What is Sanger Sequencing?
Sanger sequencing, also known as the chain-termination method, is a technique for determining the nucleotide sequence of DNA. It was developed by Frederick Sanger and his colleagues in 1977. This method involves the selective incorporation of chain-terminating dideoxynucleotides during DNA replication.
How is Sanger Sequencing Applied in Pediatrics?
In
pediatrics, Sanger sequencing is used to diagnose and understand a variety of genetic disorders. By analyzing a child's DNA, clinicians can identify mutations that may be responsible for conditions such as congenital abnormalities, metabolic disorders, and hereditary diseases.
DNA Extraction: DNA is extracted from the child's cells, typically from a blood sample.
Amplification: The region of interest in the DNA is amplified using
Polymerase Chain Reaction (PCR).
Sequencing Reaction: The amplified DNA is subjected to the sequencing reaction, where dideoxynucleotides terminate the DNA synthesis at specific points.
Electrophoresis: The resulting DNA fragments are separated by size using capillary electrophoresis.

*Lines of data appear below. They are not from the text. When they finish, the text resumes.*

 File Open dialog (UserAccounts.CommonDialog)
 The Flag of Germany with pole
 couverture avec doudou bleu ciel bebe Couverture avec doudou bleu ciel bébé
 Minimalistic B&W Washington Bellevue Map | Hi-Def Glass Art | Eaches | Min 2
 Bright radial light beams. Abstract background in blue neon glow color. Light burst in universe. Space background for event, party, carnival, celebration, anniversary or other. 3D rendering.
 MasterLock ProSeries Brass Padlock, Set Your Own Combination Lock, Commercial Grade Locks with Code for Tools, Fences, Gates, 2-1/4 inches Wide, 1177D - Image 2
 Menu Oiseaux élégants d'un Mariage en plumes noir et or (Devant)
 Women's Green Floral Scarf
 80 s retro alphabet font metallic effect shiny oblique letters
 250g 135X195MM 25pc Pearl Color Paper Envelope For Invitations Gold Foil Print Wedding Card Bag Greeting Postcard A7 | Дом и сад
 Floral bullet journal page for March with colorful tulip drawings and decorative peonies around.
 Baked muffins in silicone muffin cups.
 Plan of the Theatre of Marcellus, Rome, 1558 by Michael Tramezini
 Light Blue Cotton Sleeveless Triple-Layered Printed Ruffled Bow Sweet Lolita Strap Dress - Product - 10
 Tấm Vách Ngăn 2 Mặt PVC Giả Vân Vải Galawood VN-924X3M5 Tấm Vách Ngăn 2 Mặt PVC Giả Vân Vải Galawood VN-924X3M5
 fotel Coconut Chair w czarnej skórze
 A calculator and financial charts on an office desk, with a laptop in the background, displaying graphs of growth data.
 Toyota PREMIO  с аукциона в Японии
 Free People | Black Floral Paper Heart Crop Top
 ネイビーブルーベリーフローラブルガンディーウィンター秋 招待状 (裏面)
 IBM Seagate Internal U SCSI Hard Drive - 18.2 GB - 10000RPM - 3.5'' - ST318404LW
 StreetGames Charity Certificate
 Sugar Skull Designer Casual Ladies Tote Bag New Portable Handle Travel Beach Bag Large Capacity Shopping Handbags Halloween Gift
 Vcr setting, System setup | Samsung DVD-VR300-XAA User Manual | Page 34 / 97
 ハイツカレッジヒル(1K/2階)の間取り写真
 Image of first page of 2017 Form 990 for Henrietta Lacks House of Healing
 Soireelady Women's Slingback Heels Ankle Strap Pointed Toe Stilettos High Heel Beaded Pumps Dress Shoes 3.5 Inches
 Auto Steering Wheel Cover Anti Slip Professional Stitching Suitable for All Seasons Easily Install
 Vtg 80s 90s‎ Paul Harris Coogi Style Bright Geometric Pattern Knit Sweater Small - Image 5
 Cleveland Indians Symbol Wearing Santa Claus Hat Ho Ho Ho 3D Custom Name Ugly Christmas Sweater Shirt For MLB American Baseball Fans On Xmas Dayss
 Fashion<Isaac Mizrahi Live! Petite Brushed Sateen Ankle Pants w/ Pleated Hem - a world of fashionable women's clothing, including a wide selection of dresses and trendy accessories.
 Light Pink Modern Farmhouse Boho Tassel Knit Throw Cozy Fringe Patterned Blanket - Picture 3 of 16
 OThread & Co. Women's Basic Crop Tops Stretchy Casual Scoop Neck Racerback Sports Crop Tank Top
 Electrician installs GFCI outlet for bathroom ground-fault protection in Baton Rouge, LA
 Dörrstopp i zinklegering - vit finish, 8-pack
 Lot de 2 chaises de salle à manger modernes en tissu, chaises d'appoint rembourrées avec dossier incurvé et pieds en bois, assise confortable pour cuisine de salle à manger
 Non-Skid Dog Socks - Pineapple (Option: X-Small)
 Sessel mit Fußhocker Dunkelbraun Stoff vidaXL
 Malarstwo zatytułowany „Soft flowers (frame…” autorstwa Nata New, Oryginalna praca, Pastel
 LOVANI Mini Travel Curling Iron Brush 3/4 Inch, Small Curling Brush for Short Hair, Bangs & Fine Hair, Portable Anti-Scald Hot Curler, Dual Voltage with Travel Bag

Data Analysis: The sequence data is analyzed to identify any mutations or variations.
Cost and Time: It is more expensive and time-consuming compared to other methods like NGS.
Scale: It is less suitable for large-scale genomic studies.
Detection Limits: It may not detect low-frequency mutations or large structural variations.
High Accuracy: It provides highly accurate results, making it ideal for confirmatory testing.
Simplicity: The technique is well-established and straightforward to perform.
Reliability: It is less prone to errors compared to some high-throughput methods.
NGS can be used for initial screening, with Sanger sequencing employed for validation.
Microarray analysis can identify larger genomic changes, while Sanger sequencing can pinpoint specific mutations.
What is the Future of Sanger Sequencing in Pediatrics?
Although newer technologies are emerging, Sanger sequencing will continue to play a crucial role in pediatric genetic testing due to its reliability and accuracy. Ongoing advancements may further reduce costs and improve efficiency, ensuring its continued relevance in clinical practice.